Potensi terbesar dalam membentuk masyarakat pekebun yang apabila dilihat dari jumlahnya adalah masyarakat yang tinggal di daerah terpencil (tertinggal) biasanya disekitar areal Perusahaan perkebunan ataupun pertambangan, diikuti dengan pengangguran intelektual dan pengusaha menengah ke bawah. Untuk dapat menggali potensi tersebut diperlukan suatu komitmen yang kuat dari seluruh pihak terkait yang diformulasikan dalam suatu program yang dapat dijaga kontinuitasnya. karena masalah ini membutuhkan banyak energi, waktu dan biaya yang tidak sedikit. Langkah utama yang harus diperhatikan dalam membentuk masyarakat pekebun tentunya adalah menciptakan sebanyak mungkin Pengusaha Perkebunan Kecil Menengah yang terlibat langsung dalam pengolahan lahan perkebunan sebagai fondasi dasar.
Masyarakat yang tinggal pada daerah-daerah terpencil di provinsi Kalimantan Barat ini pada umumnya memiliki (menguasai) akses yang luas pada lahan tidur dan perkebunan kecil disekitar perkampungan mereka secara individu ataupun dalam suatu kelompok dalam luasan yang besar (2 – 100 ha), namun kelemahannya terletak pada masalah kepemilikan, legalitas, kemampuan pengelolaan, dan tidak jarang pada masalah financial.

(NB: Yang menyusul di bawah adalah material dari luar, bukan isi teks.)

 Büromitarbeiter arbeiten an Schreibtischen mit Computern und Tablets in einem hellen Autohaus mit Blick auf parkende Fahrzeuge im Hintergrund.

Untuk masalah kepemilikan diperlukan peran aktif dari masyarakat pekebun setempat untuk mengatur ulang tata guna lahan mereka sendiri dengan bantuan Pemerintah Daerah mengenai masalah legalitasnya, karena tentunya tidaklah mungkin membentuk suatu usaha perkebunan yang baik tanpa pengaturan kepemilikan, dan tata guna lahan secara bijak.
Tentu saja usaha ini akan sangat membutuhkan dukungan dari instansi-instansi terkait diantaranya untuk masalah infrastruktur, pendanaan dan informasi. Khusus untuk masalah pendanaan memang sangat diperlukan lembaga pendanaan terutama Bank yang spesifik berorientasi pada investasi pertanian skala kecil menengah, karena lembaga pendanaan yang ada pada saat ini baik berbentuk mikro ataupun korporasi lebih cenderung bersifat profit dan komersil.

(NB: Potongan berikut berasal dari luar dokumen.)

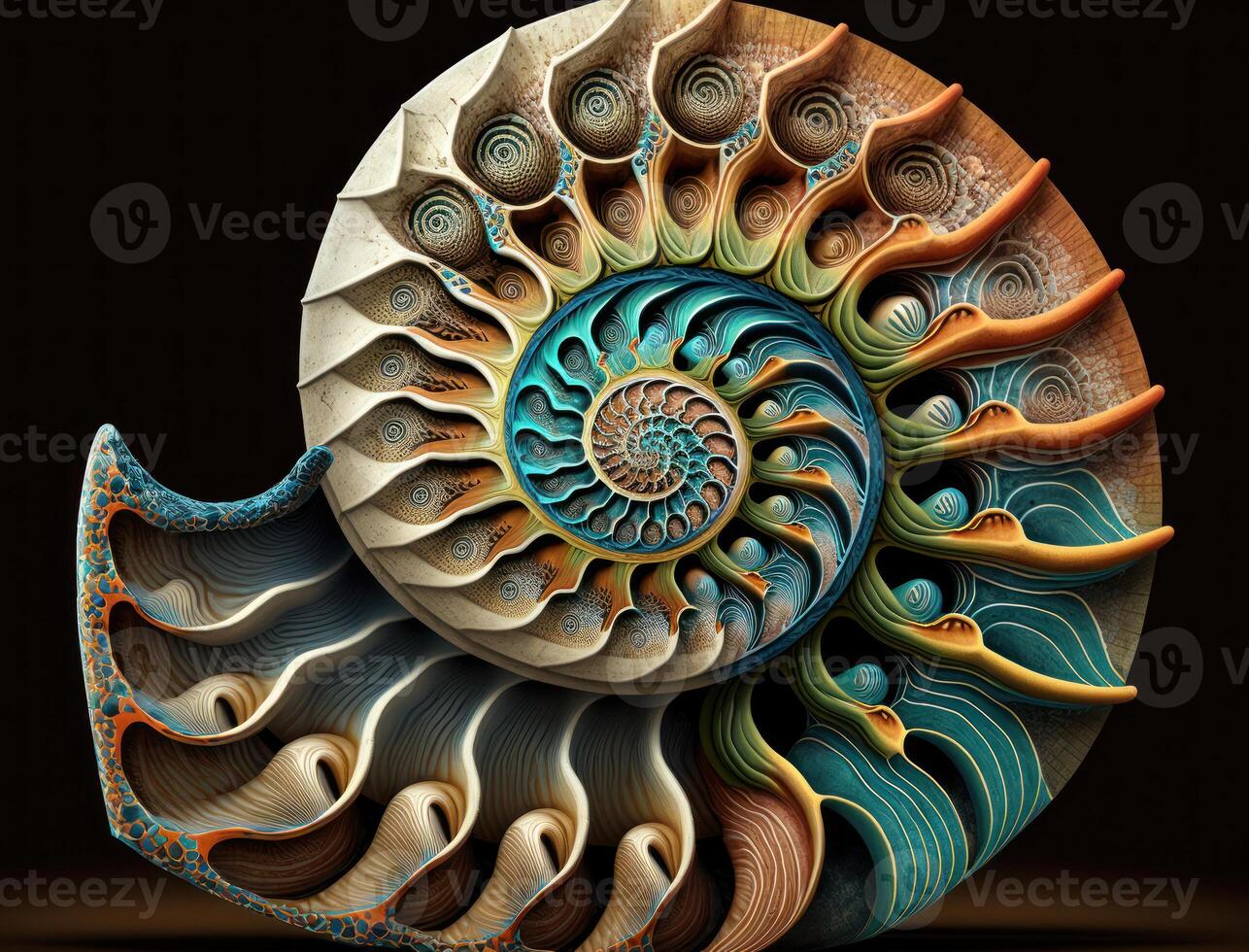 Ammonite fossil background created with technology photo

Dengan alternatif tersebut di atas maka diharapkan terciptalah Masyarakat Pekebun yang handal dan sejahtera, meminimilasi tingkat pengangguran, meningkatnya jumlah UKM yang berhubungan dengan perkebunan dan tentu saja apabila dilaksanakan dengan komitmen yang kuat secara berkesinambungan maka peningkatan kesejahteraan masyarakat secara mandiri bukanlah suatu keniscayaan.